Before use, perovskites can be treated with chemical solutions, vapors and atmospheric gases to remove defects that make the material less effective. Benzylamine is one particularly successful molecule for this purpose. A detailed understanding of the physical and chemical mechanisms by which these treatments work is key to increasing the collection of charge carriers in solar cells.
In their article in this week’s Applied Physics Reviews, from AIP Publishing, the authors describe their work testing hybrid organic-inorganic perovskite crystals treated with benzylamine to investigate the mechanisms by which the surface of the crystal is passivated, and traps states are reduced.
“This molecule has been used in polycrystalline fields in solar cells, and people have demonstrated that the solar cells were improved,” author Maria A. Loi said. “We wanted to study, in a clean system, why the solar cells were improving and understand why adding this molecule makes the devices better.”
The experiments revealed benzylamine enters into the surface of the crystal to create a new, two-dimensional material — 2D perovskite — on the surface of the three-dimensional crystal. Where the 2D version forms and later breaks away from the surface, a terraced etching pattern occurs.
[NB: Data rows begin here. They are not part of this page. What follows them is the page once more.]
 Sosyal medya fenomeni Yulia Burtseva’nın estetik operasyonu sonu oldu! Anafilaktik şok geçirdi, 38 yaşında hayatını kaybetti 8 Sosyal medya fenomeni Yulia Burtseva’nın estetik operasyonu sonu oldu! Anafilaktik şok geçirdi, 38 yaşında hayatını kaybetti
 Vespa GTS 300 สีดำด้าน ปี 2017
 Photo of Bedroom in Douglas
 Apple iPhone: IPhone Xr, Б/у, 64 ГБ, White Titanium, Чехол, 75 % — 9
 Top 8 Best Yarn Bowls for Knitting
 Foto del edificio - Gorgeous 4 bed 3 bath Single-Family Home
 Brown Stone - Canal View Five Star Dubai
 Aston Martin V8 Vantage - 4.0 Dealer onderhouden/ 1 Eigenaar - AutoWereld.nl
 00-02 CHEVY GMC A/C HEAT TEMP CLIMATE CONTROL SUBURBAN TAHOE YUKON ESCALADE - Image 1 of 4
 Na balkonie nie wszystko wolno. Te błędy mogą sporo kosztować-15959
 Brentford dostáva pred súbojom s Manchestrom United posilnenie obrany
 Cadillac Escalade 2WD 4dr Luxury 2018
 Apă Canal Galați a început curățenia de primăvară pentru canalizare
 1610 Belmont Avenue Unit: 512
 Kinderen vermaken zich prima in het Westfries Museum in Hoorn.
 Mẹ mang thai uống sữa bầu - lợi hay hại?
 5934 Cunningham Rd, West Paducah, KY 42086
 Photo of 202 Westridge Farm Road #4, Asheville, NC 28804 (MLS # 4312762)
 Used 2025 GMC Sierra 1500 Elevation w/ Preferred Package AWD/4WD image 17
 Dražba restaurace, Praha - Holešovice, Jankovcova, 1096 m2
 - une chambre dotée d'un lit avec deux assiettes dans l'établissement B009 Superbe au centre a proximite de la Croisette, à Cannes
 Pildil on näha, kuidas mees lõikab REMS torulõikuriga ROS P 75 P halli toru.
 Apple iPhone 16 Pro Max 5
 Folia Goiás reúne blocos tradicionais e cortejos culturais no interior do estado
“The main purpose was to passivate the surface to reduce defect states,” Loi said. “To our surprise, we found out the surface was modified, which was not an expected mechanism. People report that this molecule can improve the quality of devices, but nobody has reported that, in reality, it was creating a two-dimensional layer and could also restructure the material.”
The authors also discovered the combination of benzylamine and atmospheric gases is most effective for passivation. That could mean, Loi said, that more than one type of trap state exists. Further investigation of multiple types of trap states could enable precise tuning of the mechanisms involved in preparing crystals for efficient optoelectronic devices.